[Opening AVAILABLE DATA section]

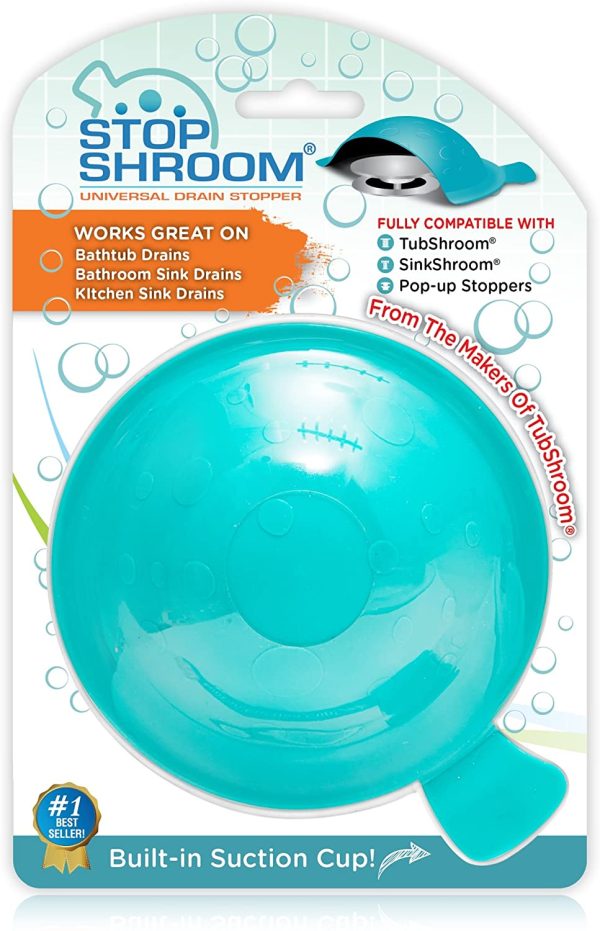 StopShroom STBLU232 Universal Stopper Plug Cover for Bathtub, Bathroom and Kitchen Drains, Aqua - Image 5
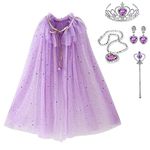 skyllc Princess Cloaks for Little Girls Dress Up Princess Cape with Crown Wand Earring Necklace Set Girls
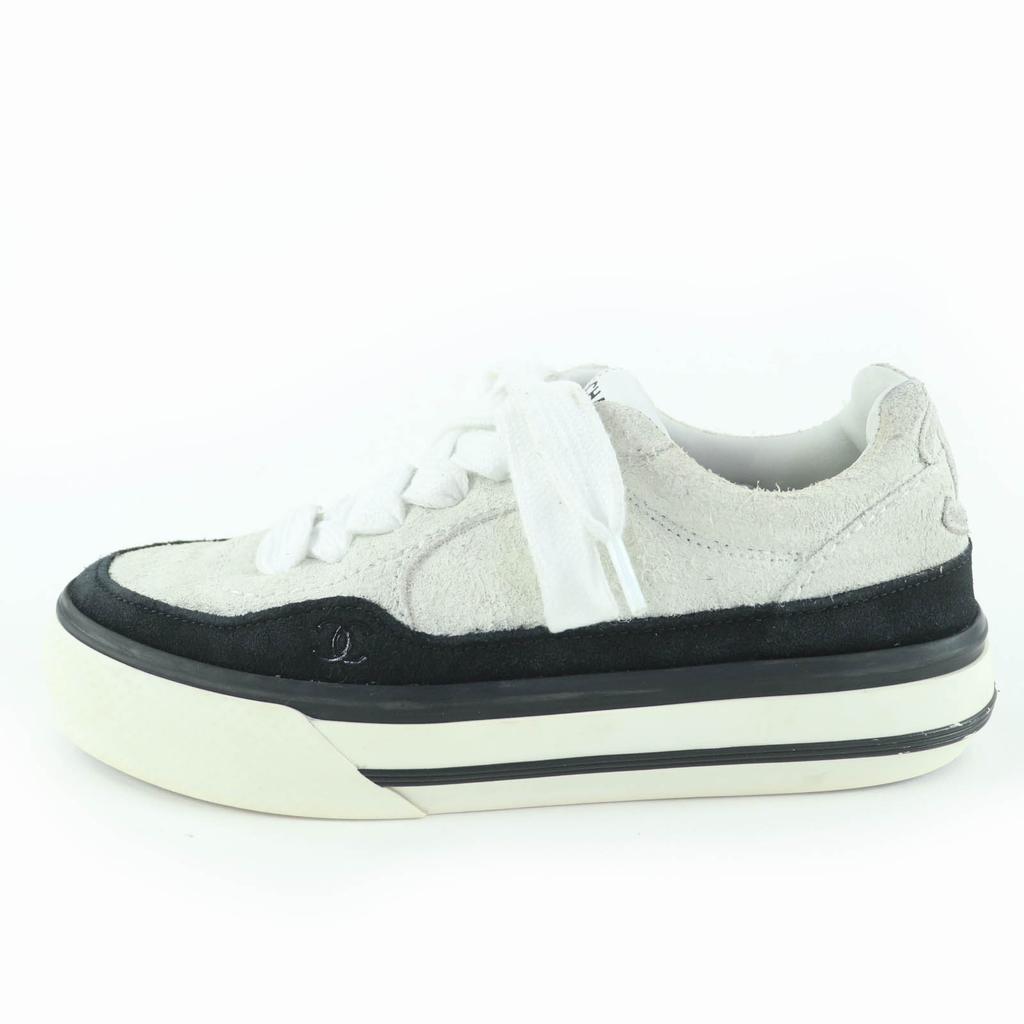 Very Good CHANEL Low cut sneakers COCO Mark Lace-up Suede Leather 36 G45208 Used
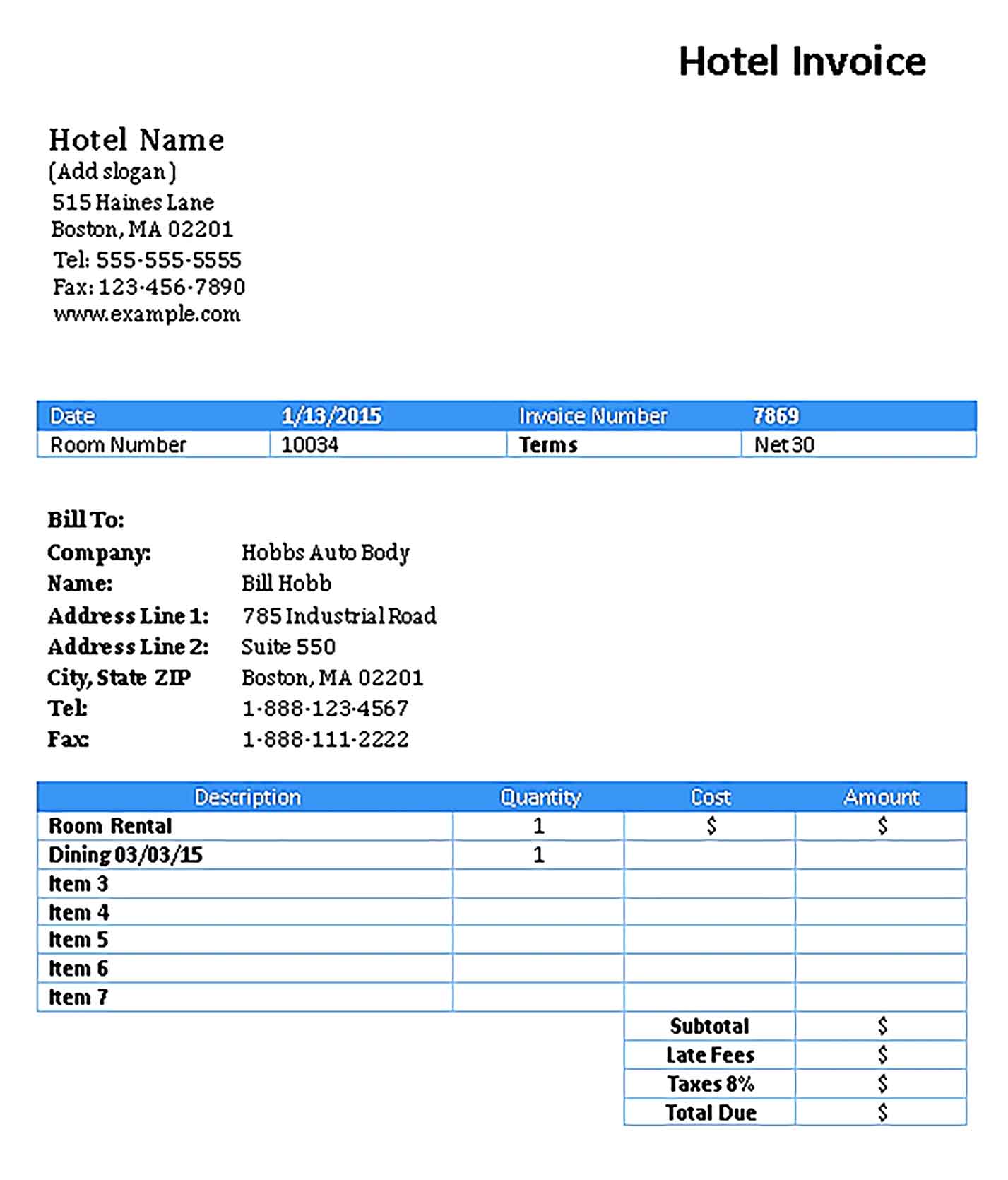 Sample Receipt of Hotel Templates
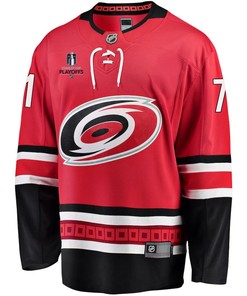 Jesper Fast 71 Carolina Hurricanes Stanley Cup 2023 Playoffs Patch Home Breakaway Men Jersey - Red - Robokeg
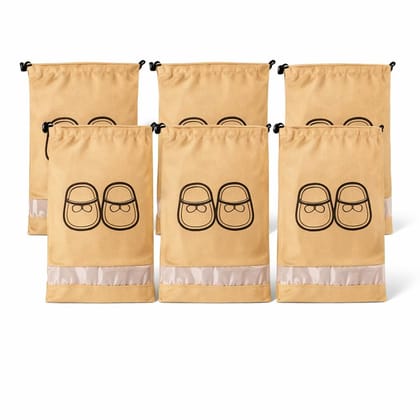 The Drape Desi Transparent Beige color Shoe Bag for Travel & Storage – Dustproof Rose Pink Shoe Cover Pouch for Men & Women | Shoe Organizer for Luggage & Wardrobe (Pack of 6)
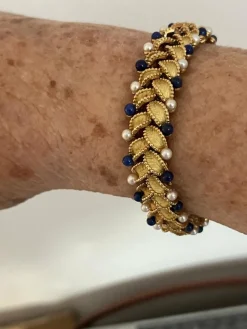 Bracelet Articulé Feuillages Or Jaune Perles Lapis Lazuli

[Closing AVAILABLE DATA section]
[Opening AVAILABLE DATA section]

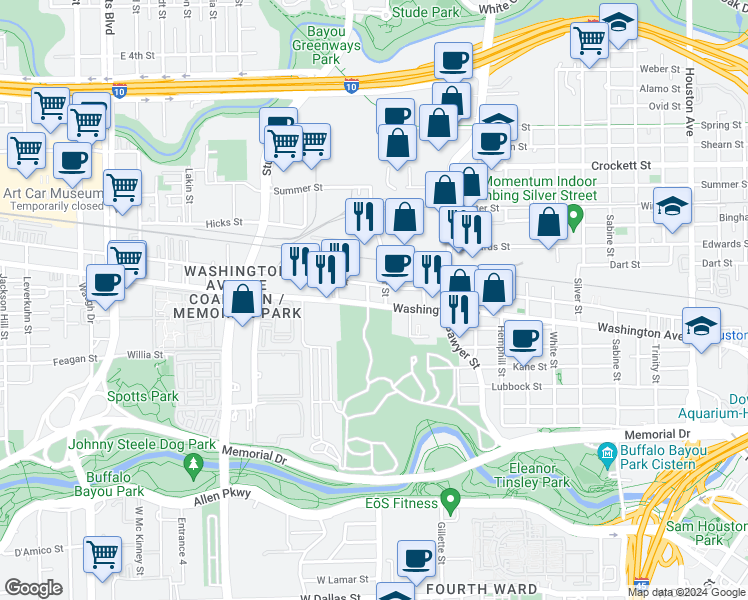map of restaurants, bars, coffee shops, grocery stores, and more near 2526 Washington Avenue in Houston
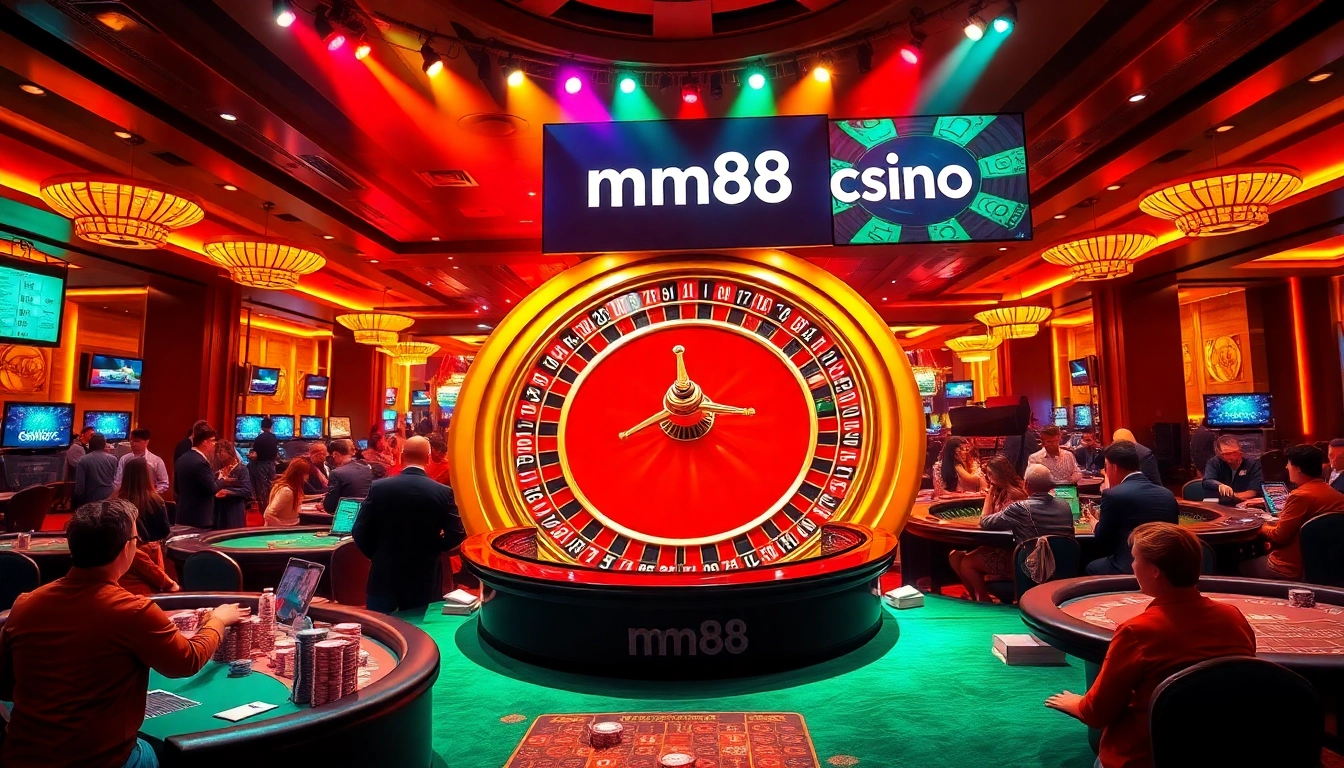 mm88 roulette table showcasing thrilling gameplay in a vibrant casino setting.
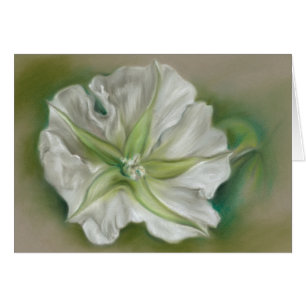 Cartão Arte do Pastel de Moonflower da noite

[Closing AVAILABLE DATA section]

### WHAT IS REQUIRED:
For this exercise, please set down exactly the lines of the listing above from the line with "Sample Receipt of Hotel Templates" up to and including the line with "Bracelet Articulé Feuillages", and no pictures.

### WRITTEN RESPONSE:
 Sample Receipt of Hotel Templates
 Jesper Fast 71 Carolina Hurricanes Stanley Cup 2023 Playoffs Patch Home Breakaway Men Jersey - Red - Robokeg
 The Drape Desi Transparent Beige color Shoe Bag for Travel & Storage – Dustproof Rose Pink Shoe Cover Pouch for Men & Women | Shoe Organizer for Luggage & Wardrobe (Pack of 6)
 Bracelet Articulé Feuillages Or Jaune Perles Lapis Lazuli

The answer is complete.